# St Barts Forums > St Barts Restaurants Wine & Food Forum >  >  Thanksgiving 2022

## andynap

Attachment 63616



Attachment 63645

----------


## KevinS

Le Repaire is also offering a credible Thanksgiving Special.  They don’t advertise much, but I tried it last year, and I enjoyed it.

----------


## amyb

More choices popping up.

Me, I still miss the  traditional Thanksgiving by Maya. 

Time to try new things.

Deep breath, Ames. 

I will get through this.and I will have a fabulous time. The turkey neck is not guaranteed.

----------


## Eve

On our way tomorrow after our traditional North End pre game dinner!  Hope to see some of you soon!

----------


## cec1

> On our way tomorrow after our traditional North End pre game dinner!  Hope to see some of you soon!



Wishing you safe travels!

----------


## amyb

> On our way tomorrow after our traditional North End pre game dinner!  Hope to see some of you soon!

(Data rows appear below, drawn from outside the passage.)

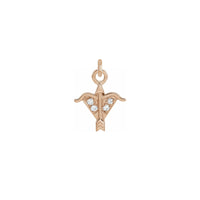 Diamond Sagittarius Zodiac Pendant rose (14K) front - Popular Jewelry - New York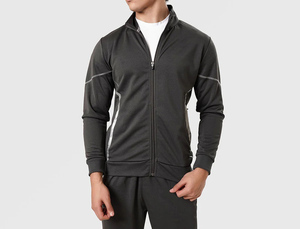 Chándal ligero personalizado de la mejor calidad, color sólido para invierno, chándal con cremallera completa para hombre - Product Image 2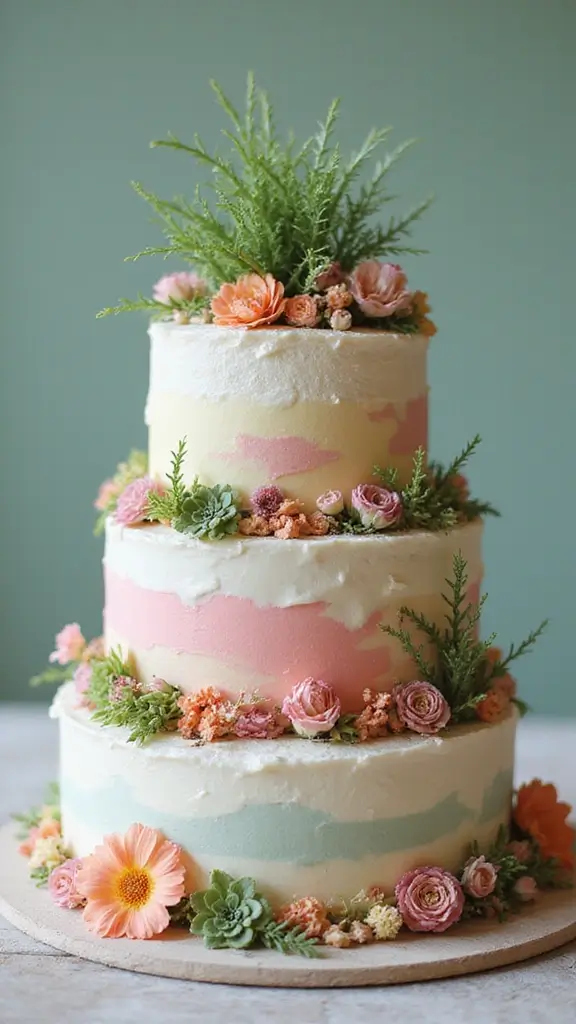 25 Thoughtful Diaper Cake Ideas Every Parent Will Adore - 14. Garden Delight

You are gonna love being warm again. Happy journey.

----------


## marybeth

We’re doing L’esprit for Thanksgiving. Hoping for their regular menu but I’m sure whatever they’re serving will be delicious.

----------


## KevinS

> We’re doing L’esprit for Thanksgiving. Hoping for their regular menu but I’m sure whatever they’re serving will be delicious.



I had the Cochon Noir off of the regular menu recently. I thought that it was better than ever.

----------


## Eve

We are doing Pearl for the day on Thanksgiving. Even though we are staying at Les Ilets, we will celebrate the holiday in Carib Waterplay chairs. 
Then picking up first time family members at 3:30!

----------


## andynap



----------


## andynap



----------


## KevinS

Turkey tonight, mussels tomorrow.

----------